Stoyanov says the amount of estimated cash stolen is based on official crime data and therefore is likely to be on the conservative side.
"This estimate is based both on the analysis of public information about the arrests of people suspected of committing financial cybercrime in the period between 2012 and 2015 and on Kaspersky Lab’s own data," Stoyanov says.
"Of course, this figure only includes confirmed losses, the details of which were obtained by law enforcement authorities during the investigation. In reality, cybercriminals could have stolen a much larger amount."
Stoyanov, who used to be with the Kremlin's cyber crime unit, says some hacks may not have been reported as the bank account owners may not want authorities to know amounts.
The Russian underground has recruited more than a thousand hackers since 2012. Kaspersky Labs has a lot of data on those individuals and says it knows of five major cybercrime groups that are right now ripping cash from consumers.
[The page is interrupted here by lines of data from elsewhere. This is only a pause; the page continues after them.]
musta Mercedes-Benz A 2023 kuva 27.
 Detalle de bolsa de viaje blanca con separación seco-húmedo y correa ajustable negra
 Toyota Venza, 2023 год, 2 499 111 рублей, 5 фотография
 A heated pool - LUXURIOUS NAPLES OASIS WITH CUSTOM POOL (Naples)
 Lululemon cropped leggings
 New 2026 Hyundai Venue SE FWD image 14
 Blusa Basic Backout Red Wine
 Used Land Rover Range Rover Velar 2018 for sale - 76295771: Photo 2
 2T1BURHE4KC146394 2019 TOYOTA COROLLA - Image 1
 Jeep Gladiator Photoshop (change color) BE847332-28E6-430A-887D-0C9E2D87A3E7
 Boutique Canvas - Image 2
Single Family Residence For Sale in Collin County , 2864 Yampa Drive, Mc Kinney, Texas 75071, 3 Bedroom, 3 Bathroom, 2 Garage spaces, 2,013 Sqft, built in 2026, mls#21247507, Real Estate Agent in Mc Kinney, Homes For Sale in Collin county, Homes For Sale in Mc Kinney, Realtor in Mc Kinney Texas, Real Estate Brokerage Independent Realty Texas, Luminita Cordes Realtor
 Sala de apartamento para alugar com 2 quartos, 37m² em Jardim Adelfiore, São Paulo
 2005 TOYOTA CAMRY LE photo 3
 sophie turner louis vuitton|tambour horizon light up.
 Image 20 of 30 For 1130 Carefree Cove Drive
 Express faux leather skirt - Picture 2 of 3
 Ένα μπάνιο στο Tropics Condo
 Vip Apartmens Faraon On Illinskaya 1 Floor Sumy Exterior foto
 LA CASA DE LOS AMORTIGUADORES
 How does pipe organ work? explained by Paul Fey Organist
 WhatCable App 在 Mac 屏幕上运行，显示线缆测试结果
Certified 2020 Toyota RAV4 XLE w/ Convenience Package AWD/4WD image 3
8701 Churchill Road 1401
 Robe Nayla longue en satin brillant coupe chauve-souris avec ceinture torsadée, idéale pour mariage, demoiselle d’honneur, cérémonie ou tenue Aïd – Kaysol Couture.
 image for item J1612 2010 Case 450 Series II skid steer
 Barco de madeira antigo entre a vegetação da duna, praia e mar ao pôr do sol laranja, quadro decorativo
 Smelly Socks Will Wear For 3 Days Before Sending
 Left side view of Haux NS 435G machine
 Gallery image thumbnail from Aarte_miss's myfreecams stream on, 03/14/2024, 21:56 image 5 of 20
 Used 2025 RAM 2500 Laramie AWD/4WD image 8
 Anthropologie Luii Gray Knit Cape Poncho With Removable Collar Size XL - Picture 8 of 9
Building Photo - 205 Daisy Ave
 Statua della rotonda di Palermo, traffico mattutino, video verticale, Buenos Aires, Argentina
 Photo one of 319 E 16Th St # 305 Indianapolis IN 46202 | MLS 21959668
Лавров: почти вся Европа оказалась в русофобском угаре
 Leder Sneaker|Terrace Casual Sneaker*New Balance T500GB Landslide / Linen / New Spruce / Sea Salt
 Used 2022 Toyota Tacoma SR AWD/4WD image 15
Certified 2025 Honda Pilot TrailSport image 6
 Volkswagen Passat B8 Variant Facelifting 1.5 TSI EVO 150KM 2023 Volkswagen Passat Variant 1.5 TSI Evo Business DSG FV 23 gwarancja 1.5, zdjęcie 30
He says the hacker gangs are made up of web designers, system operators, programmers, and "cryptors who obfuscate malware in ways that help it to evade security software".
"Cybercriminal system administrators configure management servers, buy abuse-resistant hosting for servers, ensure the availability of tools for anonymous connection to the servers (VPN) and resolve other technical challenges, including the interaction with remote system administrators hired to perform small tasks," he says.
Gang members are either paid wages or a percentage of what is taken, and are recruited through cyber forums or even through "brazen public advertisements that often target underprivileged techs in areas like war-torn Ukraine".
"To a certain extent, the structure reflects that of an ordinary, average-sized company engaged in software development," says Stoyanov.
In the last two years, Kaspersky Labs has investigated 300 online financial hack attacks.